*Data extracts*:
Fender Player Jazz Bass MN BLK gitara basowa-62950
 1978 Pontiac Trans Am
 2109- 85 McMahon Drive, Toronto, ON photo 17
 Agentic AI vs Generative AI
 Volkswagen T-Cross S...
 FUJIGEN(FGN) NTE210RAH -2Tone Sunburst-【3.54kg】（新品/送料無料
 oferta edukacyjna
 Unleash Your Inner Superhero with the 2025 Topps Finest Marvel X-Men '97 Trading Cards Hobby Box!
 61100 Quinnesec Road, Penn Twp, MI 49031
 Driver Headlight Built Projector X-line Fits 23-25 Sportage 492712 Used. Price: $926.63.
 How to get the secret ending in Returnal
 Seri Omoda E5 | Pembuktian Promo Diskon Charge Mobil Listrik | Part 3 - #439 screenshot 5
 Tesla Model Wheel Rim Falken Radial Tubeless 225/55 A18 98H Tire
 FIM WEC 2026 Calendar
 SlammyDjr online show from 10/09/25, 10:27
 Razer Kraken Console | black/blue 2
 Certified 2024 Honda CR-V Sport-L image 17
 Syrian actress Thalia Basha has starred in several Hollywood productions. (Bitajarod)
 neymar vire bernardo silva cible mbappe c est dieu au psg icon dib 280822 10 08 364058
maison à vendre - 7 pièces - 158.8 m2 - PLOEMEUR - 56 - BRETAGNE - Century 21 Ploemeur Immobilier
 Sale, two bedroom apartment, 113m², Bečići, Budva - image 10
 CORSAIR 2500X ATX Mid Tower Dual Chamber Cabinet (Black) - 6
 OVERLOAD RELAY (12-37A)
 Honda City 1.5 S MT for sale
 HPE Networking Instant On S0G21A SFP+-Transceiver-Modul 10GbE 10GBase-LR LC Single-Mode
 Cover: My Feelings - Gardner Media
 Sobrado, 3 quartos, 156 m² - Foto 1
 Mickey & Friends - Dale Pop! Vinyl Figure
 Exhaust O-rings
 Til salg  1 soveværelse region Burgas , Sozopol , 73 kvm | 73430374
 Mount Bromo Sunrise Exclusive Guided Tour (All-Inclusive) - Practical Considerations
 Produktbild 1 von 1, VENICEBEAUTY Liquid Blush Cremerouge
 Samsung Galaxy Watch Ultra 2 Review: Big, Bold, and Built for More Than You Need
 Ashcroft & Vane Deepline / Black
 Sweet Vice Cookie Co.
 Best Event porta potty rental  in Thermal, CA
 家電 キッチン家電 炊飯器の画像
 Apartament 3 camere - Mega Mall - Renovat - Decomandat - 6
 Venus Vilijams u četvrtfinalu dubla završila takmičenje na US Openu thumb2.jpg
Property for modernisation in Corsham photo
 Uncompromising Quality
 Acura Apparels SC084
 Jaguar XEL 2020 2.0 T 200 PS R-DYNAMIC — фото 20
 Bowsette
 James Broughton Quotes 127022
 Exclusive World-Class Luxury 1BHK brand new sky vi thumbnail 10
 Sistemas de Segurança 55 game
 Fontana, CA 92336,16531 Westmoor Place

*Exercise directions*:
Output the listing above exactly as it appears.

*Output below*:
Fender Player Jazz Bass MN BLK gitara basowa-62950
 1978 Pontiac Trans Am
 2109- 85 McMahon Drive, Toronto, ON photo 17
 Agentic AI vs Generative AI
 Volkswagen T-Cross S...
 FUJIGEN(FGN) NTE210RAH -2Tone Sunburst-【3.54kg】（新品/送料無料
 oferta edukacyjna
 Unleash Your Inner Superhero with the 2025 Topps Finest Marvel X-Men '97 Trading Cards Hobby Box!
 61100 Quinnesec Road, Penn Twp, MI 49031
 Driver Headlight Built Projector X-line Fits 23-25 Sportage 492712 Used. Price: $926.63.
 How to get the secret ending in Returnal
 Seri Omoda E5 | Pembuktian Promo Diskon Charge Mobil Listrik | Part 3 - #439 screenshot 5
 Tesla Model Wheel Rim Falken Radial Tubeless 225/55 A18 98H Tire
 FIM WEC 2026 Calendar
 SlammyDjr online show from 10/09/25, 10:27
 Razer Kraken Console | black/blue 2
 Certified 2024 Honda CR-V Sport-L image 17
 Syrian actress Thalia Basha has starred in several Hollywood productions. (Bitajarod)
 neymar vire bernardo silva cible mbappe c est dieu au psg icon dib 280822 10 08 364058
maison à vendre - 7 pièces - 158.8 m2 - PLOEMEUR - 56 - BRETAGNE - Century 21 Ploemeur Immobilier
 Sale, two bedroom apartment, 113m², Bečići, Budva - image 10
 CORSAIR 2500X ATX Mid Tower Dual Chamber Cabinet (Black) - 6
 OVERLOAD RELAY (12-37A)
 Honda City 1.5 S MT for sale
 HPE Networking Instant On S0G21A SFP+-Transceiver-Modul 10GbE 10GBase-LR LC Single-Mode
 Cover: My Feelings - Gardner Media
 Sobrado, 3 quartos, 156 m² - Foto 1
 Mickey & Friends - Dale Pop! Vinyl Figure
 Exhaust O-rings
 Til salg  1 soveværelse region Burgas , Sozopol , 73 kvm | 73430374
 Mount Bromo Sunrise Exclusive Guided Tour (All-Inclusive) - Practical Considerations
 Produktbild 1 von 1, VENICEBEAUTY Liquid Blush Cremerouge
 Samsung Galaxy Watch Ultra 2 Review: Big, Bold, and Built for More Than You Need
 Ashcroft & Vane Deepline / Black
 Sweet Vice Cookie Co.
 Best Event porta potty rental  in Thermal, CA
 家電 キッチン家電 炊飯器の画像
 Apartament 3 camere - Mega Mall - Renovat - Decomandat - 6
 Venus Vilijams u četvrtfinalu dubla završila takmičenje na US Openu thumb2.jpg
Property for modernisation in Corsham photo
 Uncompromising Quality
 Acura Apparels SC084
 Jaguar XEL 2020 2.0 T 200 PS R-DYNAMIC — фото 20
 Bowsette
 James Broughton Quotes 127022
 Exclusive World-Class Luxury 1BHK brand new sky vi thumbnail 10
 Sistemas de Segurança 55 game
 Fontana, CA 92336,16531 Westmoor Place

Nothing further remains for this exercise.